→ **Aim of the task**:
Your answer must be the full listing below, repeated exactly, with no pictures in it.

→ **Information provided**:
================
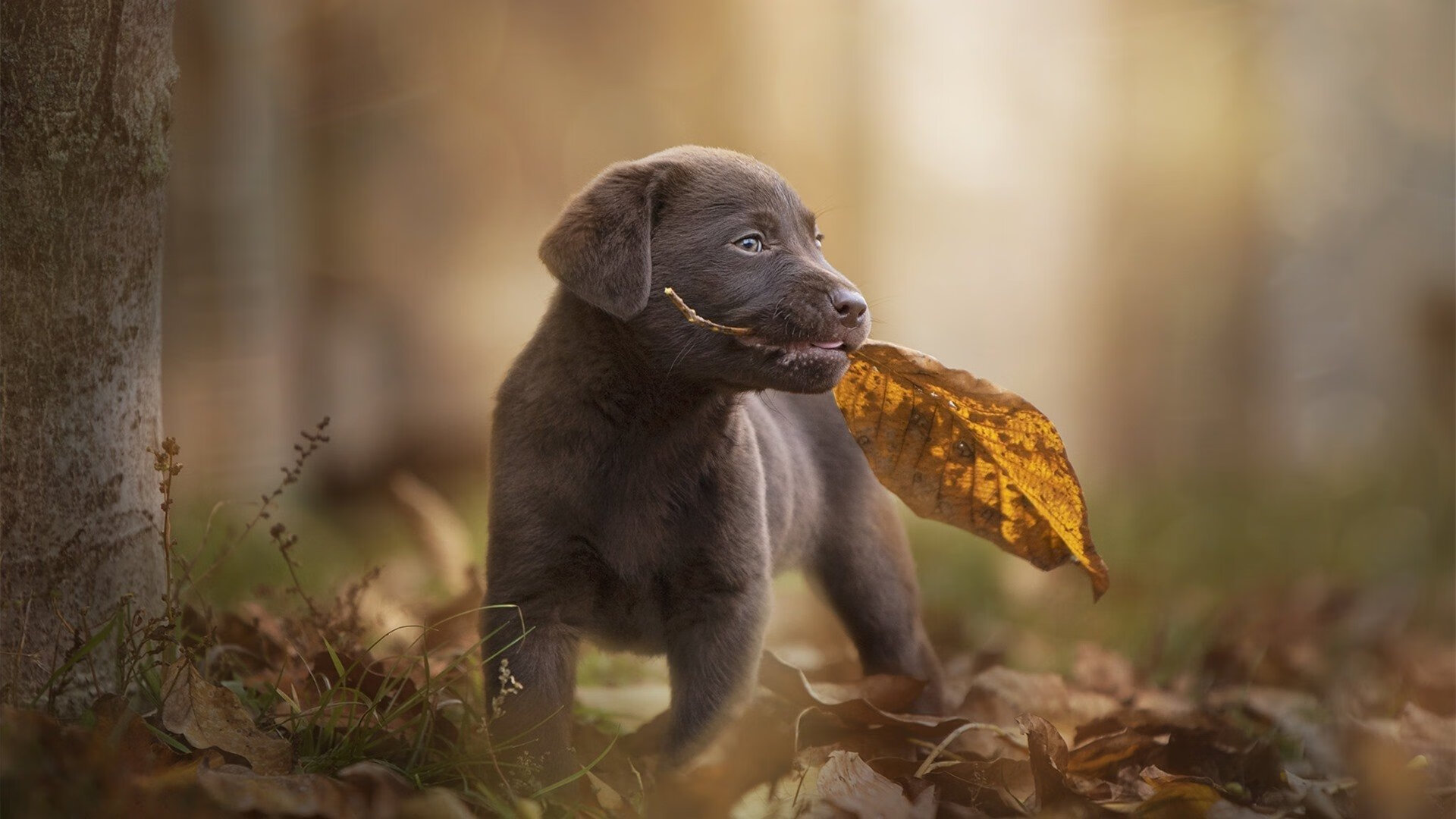 开云体育中国官网-东亚杯中国足球战胜 球迷为球队加油，东亚杯中国足球战胜 球迷为球队加油视频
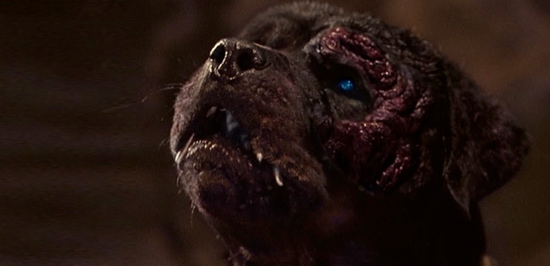 The robo-rottweiler of Rottweiler (2004)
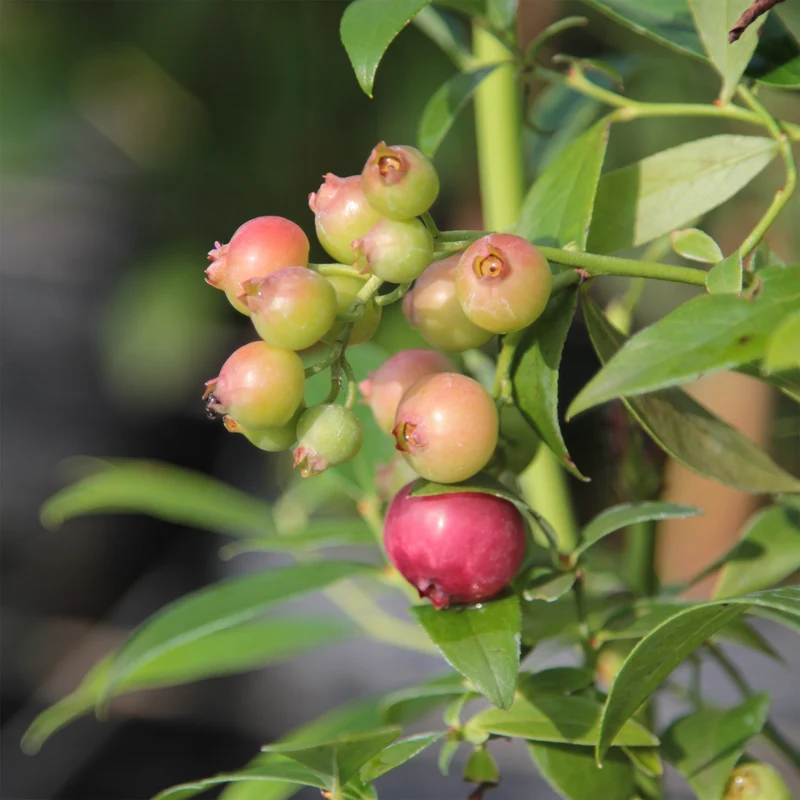 Heidelbeere ‘Pink Lemonade’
================
→ **Exercise response**:
 开云体育中国官网-东亚杯中国足球战胜 球迷为球队加油，东亚杯中国足球战胜 球迷为球队加油视频
 The robo-rottweiler of Rottweiler (2004)
 Heidelbeere ‘Pink Lemonade’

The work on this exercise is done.